Just as impressive as the leaked specs is the detective work that went into gathering them. Someone at AMD apparently stored benchmark data on GitHub which, while not public, found its way leaking to the Internet. Several sites and sources pieced the puzzle together and Eurogamer collected the information to give a more comprehensive overview of what to expect next year, as far as the leaks go at least.

Both consoles will, of course, bear AMD Zen 2 processors and Ryzen GPUs but their exact configurations will also be different. The PS5, for example, might possibly have a GPU with 36 custom Navi units running at 2 GHz which is being billed as a "Lite" version of AMD's Navi 10 GPU architecture for PCs. Together with the jump to GGDR6 RAM, possibly with a 16GB configuration, the PS5 looks like a significant upgrade compared even to the PS4 Pro.

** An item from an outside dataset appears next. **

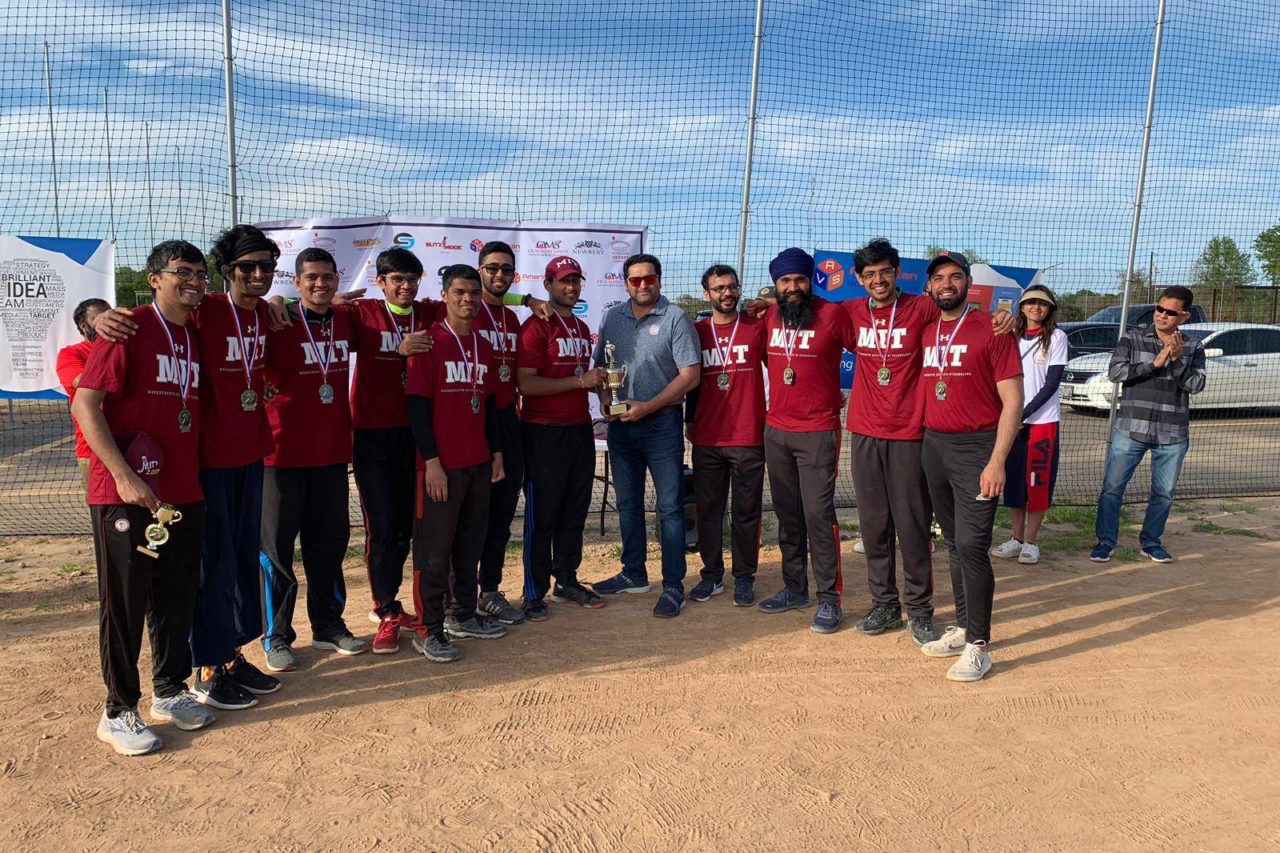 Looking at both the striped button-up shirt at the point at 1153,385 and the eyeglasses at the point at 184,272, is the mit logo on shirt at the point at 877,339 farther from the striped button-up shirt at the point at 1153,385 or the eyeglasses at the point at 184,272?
the eyeglasses at the point at 184,272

Slightly more interesting but also less certain are the figures for the Xbox Series X, which may have 56 Navi compute units running at 1.7 GHz. With a promised faster GGDR6 memory, the upcoming Xbox may very well make good Microsoft's promise of a next-gen console that pushes the boundaries of the Xbox line.

That may also push the boundaries of pricing, though the PS5 stands a higher chance of being closer to the average price if not a little bit higher. Then again, Microsoft did hint that the Series X will be a high-end console and that there may be more Xbox consoles coming, perhaps ones with lower price points but also less powerful hardware.